Tuesday, March 24, 2009
Searching for Harvey
Definition of Pooka as read by Mr. Wilson to Veta Louise Simmons in Harvey, by Mary Chase
I am mighty sick of Winter. I know the calendar suggests that it is technically Spring, but anyone believing that Spring has come to Humptulips County must have an abiding belief in the Tooth Fairy or in Pookas. I just returned from lunch and our wind has, if anything, gotten colder and more piercing than it was this morning. If Spring has come to Humptulips County, it is playing hide and seek with the residents.
I am more than ready for Spring and want it to come out of hiding. This Winter has been one of cold weather and an even colder economy. I will long remember this Winter both for its length and for the extent of its depressive manifestations. I am more than ready to run it out of town - on or off a rail.
This country needs Spring in a bad way. Now I am not completely nuts and am aware that the coming of Spring will not, in and of itself, cure the economy, but if its coming helps to put a smile on people's faces and gives them a little hope in the ever-renewing cycle of life it might just help the economy's recovery by the slightest bit. So there is even more reason to be anxious about Spring this year - more than the usual reason of simply being at one's wits end because the sun hasn't been seen in a clear blue sky at any time during the last 150 plus days.

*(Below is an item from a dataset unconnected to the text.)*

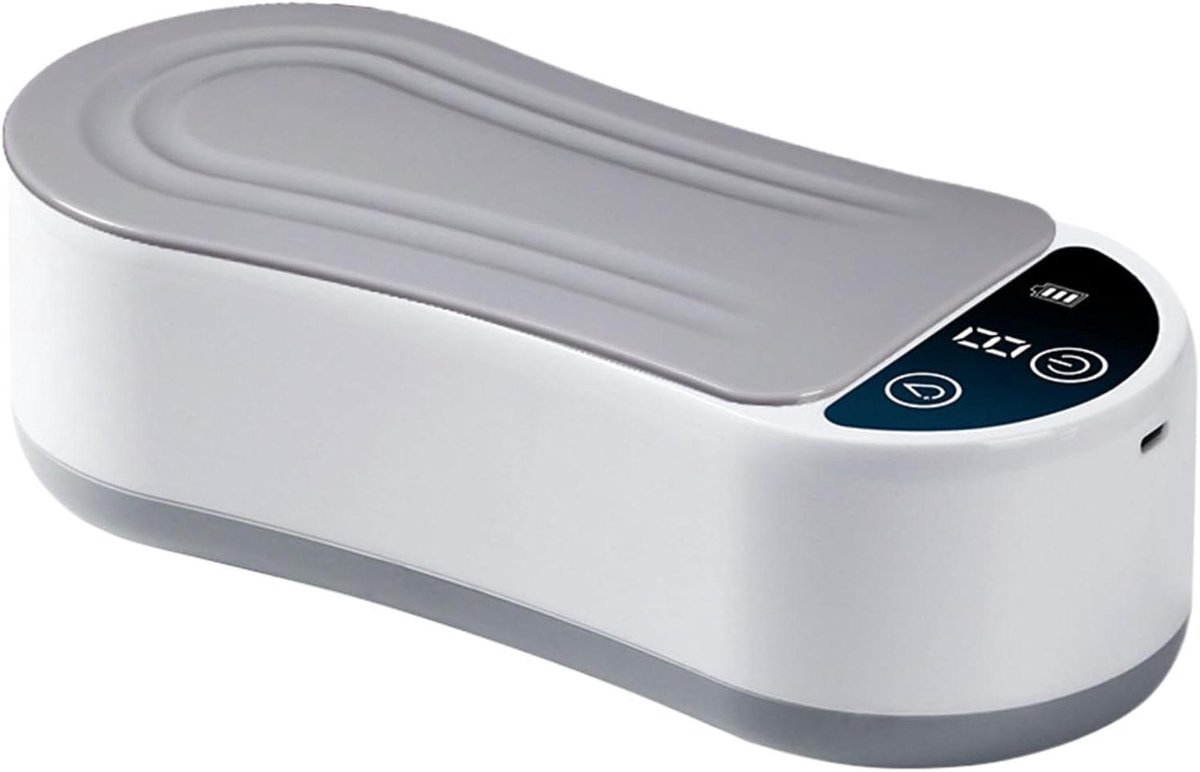 Ultrasone Reiniger - Elektrische Reiniger - Sieraden Reinigen - Stille Efficiëntie - 300 ml Reservoir - Wit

The usual harbingers of Spring here in Humptulips County are calling out to little avail. The chorus frogs on my property sing their little hearts out every evening as they have since mid-February. Their singing seems, somehow, more desperate this year than exuberant, but sing they do each and every evening in a choral incantation to Spring. There were buds on many of the native rhododendrons and azaleas, and some of them have even survived the late frosts by clinging still to branches. Whether all of them will finally bud is open to question, but the sight of them still stirs hope that Spring will yet come forward. Last week, I saw my first robin and then, a day later, barn swallows darted around my car as I made my way home down our lane.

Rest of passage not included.